Thuringia is a smallish state in central Germany known for its abundant forests and winter sports. It rarely makes national headlines. But on Friday, something happened there that will go down as a turning point in post-Cold War history.

Twenty-five years after the fall of the Berlin Wall, Germany's far-left party succeeded in taking power at the state level in Thuringia – the first such victory since the country was reunified in 1990. The party, which now goes by the name "die Linke," or "the Left," is the direct heir to the Communist Party that once ran East Germany.

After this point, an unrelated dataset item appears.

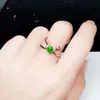 Anello testa di cervo in argento moda per ragazza Anello in argento diopside cromato naturale da 4 mm Gioielli in argento diopside 925 per la festa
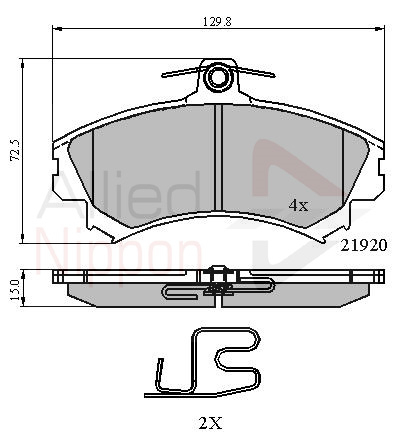 Sada brzdových platničiek kotúčovej brzdy Allied Nippon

The win in Thuringia has prompted worry and condemnation in Germany, especially in this year of commemorations of the injustices perpetrated by the former Communist regime.

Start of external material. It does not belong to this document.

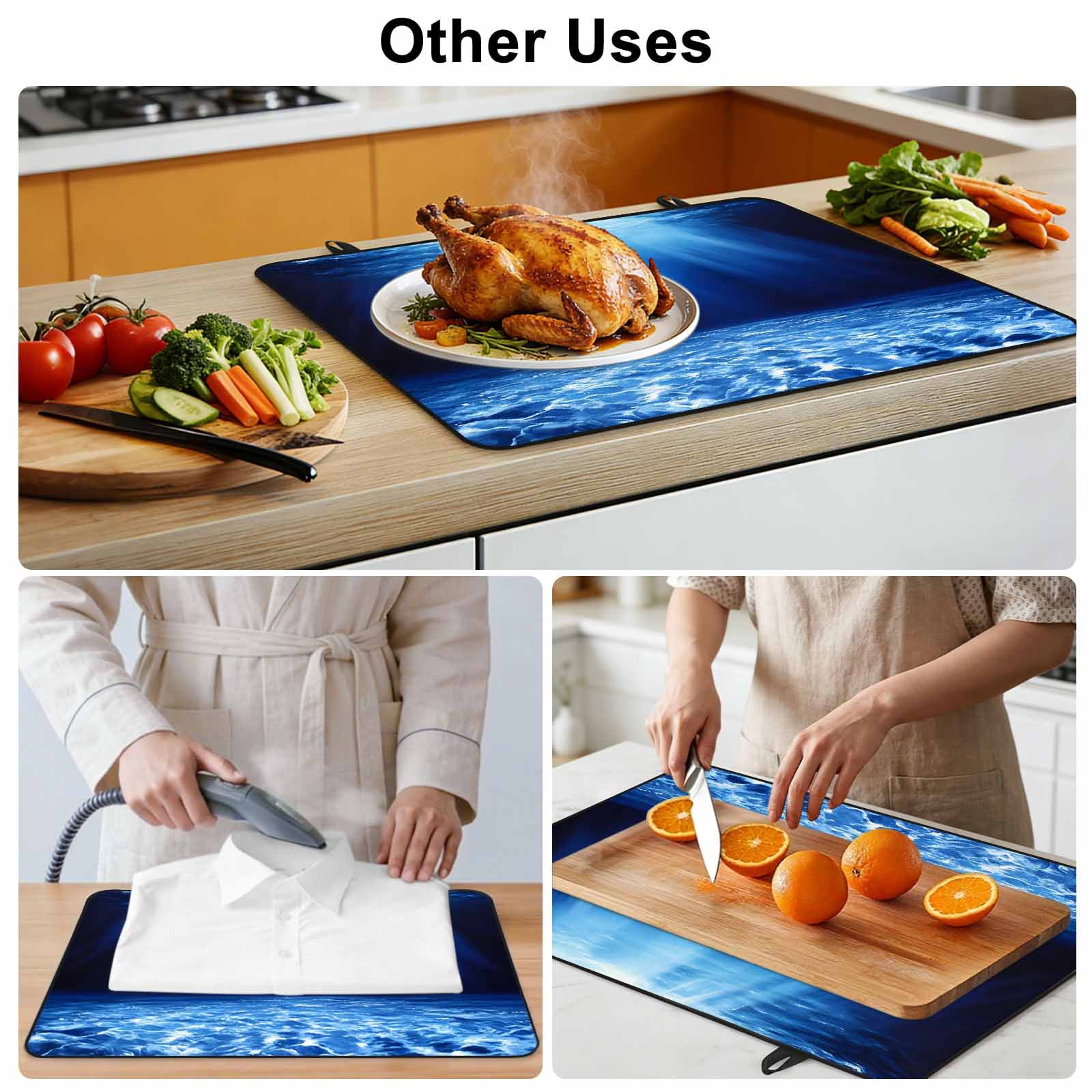 Blue Ocean Stove Top Cover for Electric Stove, Heat-proof & Non Slip Glass Top Stove Cover Protector, Underwater Water Waves Seascape Nature Sea Kitchen Flat Cooktop Rubber Mat 24x21 Inches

Joachim Gauck, Germany's president, departed from his primarily ceremonial role to express unease over the prospect of a state-level victory by the Left, questioning whether the party could be "trusted."

On the eve of the vote to form the new state government, the German tabloid Bild published an article with photos of people who were killed trying to cross from Thuringia, then in East Germany, into West Germany. "Have you already forgotten these dead?" asked the headline.

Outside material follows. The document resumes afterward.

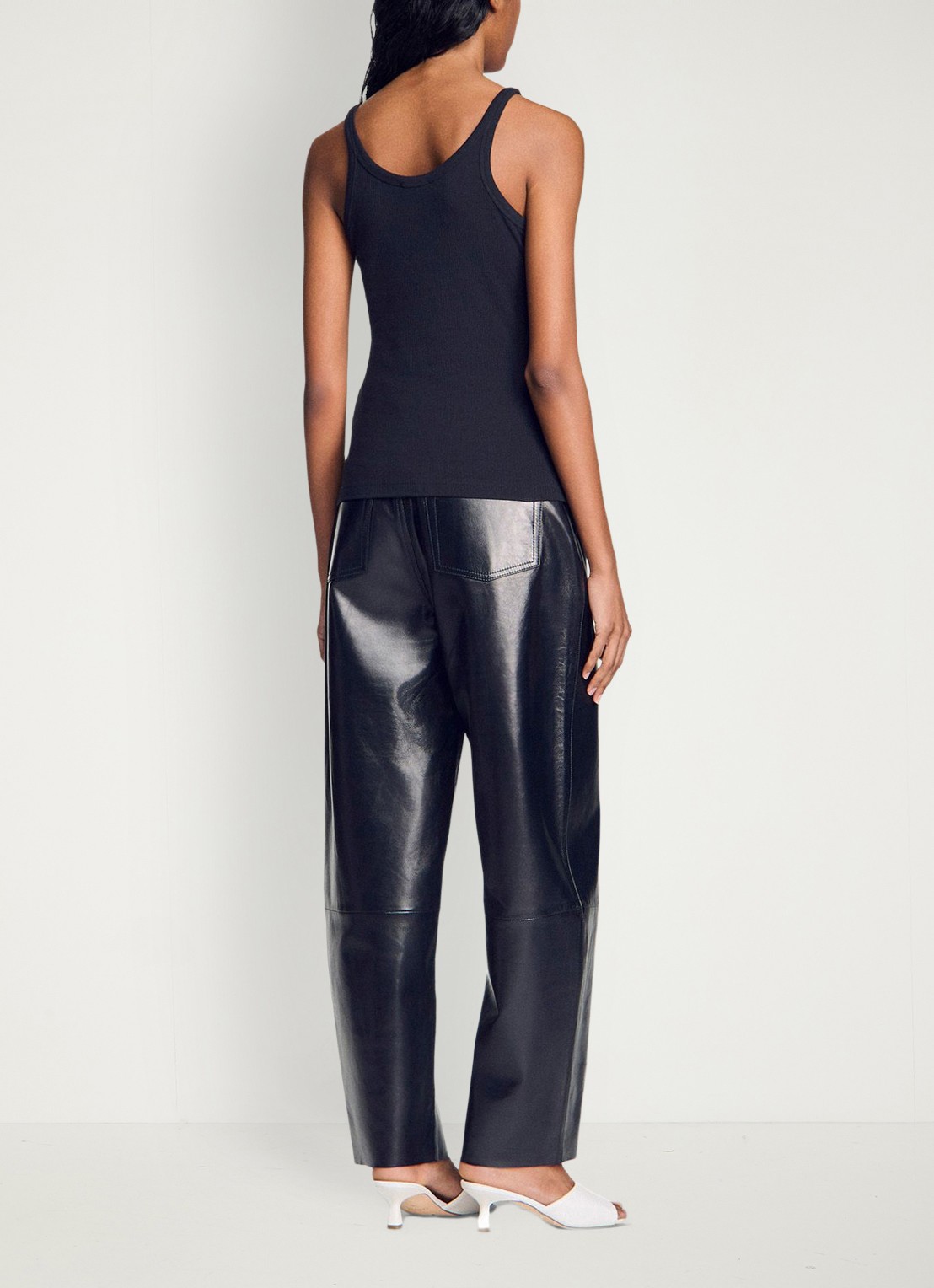Sandro Top met spaghettibandjes en details van kant - achterkant 5 black / zwart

Thuringia's new government has implications well beyond the state's borders. First, it's a measure of how far the Left has travelled in rehabilitating itself as a player in German politics. What's more, if the government succeeds and its popularity grows, it could represent a template for a political realignment at the national level.

In Thuringia, the Left is governing with a wafer-thin majority – just one seat in the state parliament – thanks to its coalition with two other parties, the centre-left Social Democrats and the environmentally minded Greens. (The combination of the three parties has been dubbed the Red-Red-Green, after their respective colours.)

The question is whether such a combination could be replicated at the national level, where Chancellor Angela Merkel and her centre-right Christian Democratic party have maintained a decade-long hold on power. Although the Social Democrats are part of Ms. Merkel's current coalition government in Berlin, at the state level in Thuringia, they threw their lot in with the Left, which some see as an experiment ahead of the next round of national elections due in 2017.

It is hard to imagine the Left playing a central role in national German politics – its foreign-policy planks include the abolition of NATO and its links to the East German Communist Party still repel many voters. The Left has tried, with varying degrees of success, to shed its association with East Germany. Before forming a coalition with the Social Democrats and Greens in Thuringia, the Left intensified its public condemnation of East Germany, describing it as "an unjust state."

Bodo Ramelow, the new Left premier of Thuringia, doesn't fit the stereotype of an old-school East German apparatchik. Mr. Ramelow, 53, grew up in West Germany and became a trade unionist; he is often shown in photographs with his pet terrier, named Attila. On the campaign trail, his constant companion at political rallies was a bust of Karl Marx.

Now the question is whether the reformed communists leading Thuringia's government can generate results for voters concerned about bread-and-butter issues like jobs and childcare. If they do, then this small state of forests and skiing may not be the only place in Germany painted Red-Red-Green.